Officially - as recognised by SANFL rules, AFL protocol with life membership honours and the club itself - Boak has represented the Port Adelaide Football Club in 391 competition matches. There are 371 AFL premiership games and 20 official competition matches from pre-season tournaments such as the Ansett, Wizard, NAB et al cups.
Ebert's record has 367 SANFL premiership matches and 25 games from competitions such as the Ardath, Sterling and Escort cups, those night games played in the pre-season and during the winter at a fog-covered Thebarton Oval.
The record is to be equalled in Boak's first AFL game this season and rewritten in his second. And this has been painstakingly checked again and again by Port Adelaide Football Club chief executive Matthew Richardson.
"We have had the AFL go through the numbers, our history committee, our life membership and awards committee, our club's senior guardians in Brian Cunningham and Jim Nitschke," says Richardson.
"It is important we recognise this club record in the same way it has been applied since the Port Adelaide Football Club began in 1870," added Richardson.
"The club - and SANFL - recognise Russell Ebert played 392 competition matches for the Port Adelaide Football Club ... and a few more in pre-season games that are not counted in the record because they were non-competition matches. The count is 367 league games, 25 cup matches and a total of 392.
"The AFL with its life membership records recognise Travis Boak has played 391 official matches for the Port Adelaide Football Club. The record has not changed with his two AAMI Community Series matches this pre-season because they are not competition matches.
"It is important the Port Adelaide Football Club applies the same counting method with Travis as it did with Russell and every player who has represented the Port Adelaide Football Club in an official game - as we have across the past 70 years while the record has passed from Dave Boyd to Geof Motley to John Cahill to Russell Ebert ... and soon to Travis Boak."
Ebert claimed the record from Cahill in his 265th match - in the SANFL during the late 1970s. Almost half a century later, Boak will take the record from Ebert - in the AFL.
"The record recognises games played in the most senior team at the Port Adelaide Football Club - regardless of the competition, be it SANFL, AFL or whichever cup series we competed in," Richardson said. "Everyone at the club, the Ebert family and the AFL agrees that is how the record should be counted."
Boak's record-breaking moment - and the national attention it will draw - again will underline that the Port Adelaide Football Club has a history that dates to its foundation date in 1870 rather than its AFL entry in 1997.
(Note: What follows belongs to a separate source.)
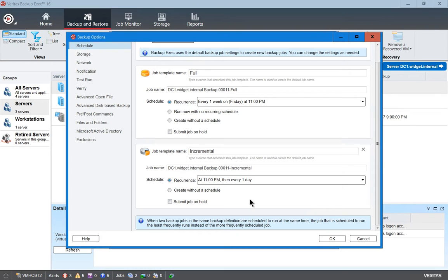The difference between a full backup and an incremental backup is that the full backup is going to back up everything on the server. The incremental backup is only going to back up what's changed since the previous day. So if we do our full backup on a Friday night, then when we run our backup again on Saturday, Sunday, and Monday, it's going to back up what has been changed since the previous night.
"That is the norm for us at the club and only questioned by some on the outside," said Richardson. "This club has a proud story from 1870, a history built on success in South Australian football that drove our rise to the AFL. This moment with Travis Boak equalling and rewriting Russell Ebert's club record should highlight the club's total history.
"This is a significant moment for our football club. It is an important milestone. It is symbolic of the Port Adelaide Football Club - and the strength of two remarkable players and two outstanding individuals who have put club before themselves in all of their moments as Port Adelaide players."
And how will Port Adelaide celebrate such a significant moment?
"If you think back to how we recognised Travis's 300th league game," says Richardson, "we will not be short of that when we celebrate the 392 record becoming 393."
Ebert has a statue at Adelaide Oval. And Boak?
"We do have Alberton Oval being transformed," says Richardson. "There is great scope to recognise the greats of the Port Adelaide Football Club - and Travis Boak certainly is among those legends."